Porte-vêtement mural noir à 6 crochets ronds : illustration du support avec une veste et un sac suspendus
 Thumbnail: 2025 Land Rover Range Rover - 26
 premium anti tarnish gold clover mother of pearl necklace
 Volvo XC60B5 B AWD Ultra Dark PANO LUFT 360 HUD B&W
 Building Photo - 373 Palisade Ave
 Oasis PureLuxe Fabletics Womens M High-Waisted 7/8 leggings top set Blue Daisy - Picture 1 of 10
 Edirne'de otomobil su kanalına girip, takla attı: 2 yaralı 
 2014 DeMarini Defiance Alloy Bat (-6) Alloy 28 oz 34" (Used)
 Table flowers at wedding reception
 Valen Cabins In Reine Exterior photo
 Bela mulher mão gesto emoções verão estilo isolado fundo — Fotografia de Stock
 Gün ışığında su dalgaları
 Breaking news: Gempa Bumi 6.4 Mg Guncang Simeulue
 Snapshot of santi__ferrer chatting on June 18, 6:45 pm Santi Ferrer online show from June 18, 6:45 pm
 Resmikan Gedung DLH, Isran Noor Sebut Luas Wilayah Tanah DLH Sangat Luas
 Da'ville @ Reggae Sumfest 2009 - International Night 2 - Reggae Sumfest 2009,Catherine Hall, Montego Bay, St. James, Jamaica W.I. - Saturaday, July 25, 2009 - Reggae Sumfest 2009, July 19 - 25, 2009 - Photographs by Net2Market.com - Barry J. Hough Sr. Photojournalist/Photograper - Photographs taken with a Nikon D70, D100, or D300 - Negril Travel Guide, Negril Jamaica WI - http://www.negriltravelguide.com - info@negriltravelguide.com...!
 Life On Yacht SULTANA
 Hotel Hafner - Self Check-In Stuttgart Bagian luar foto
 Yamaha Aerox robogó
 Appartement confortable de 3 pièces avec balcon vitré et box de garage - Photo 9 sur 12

········

> **Problem details**
A count alone is required. How many lines in the entries contain the string "avec"?

> **Answer box**
2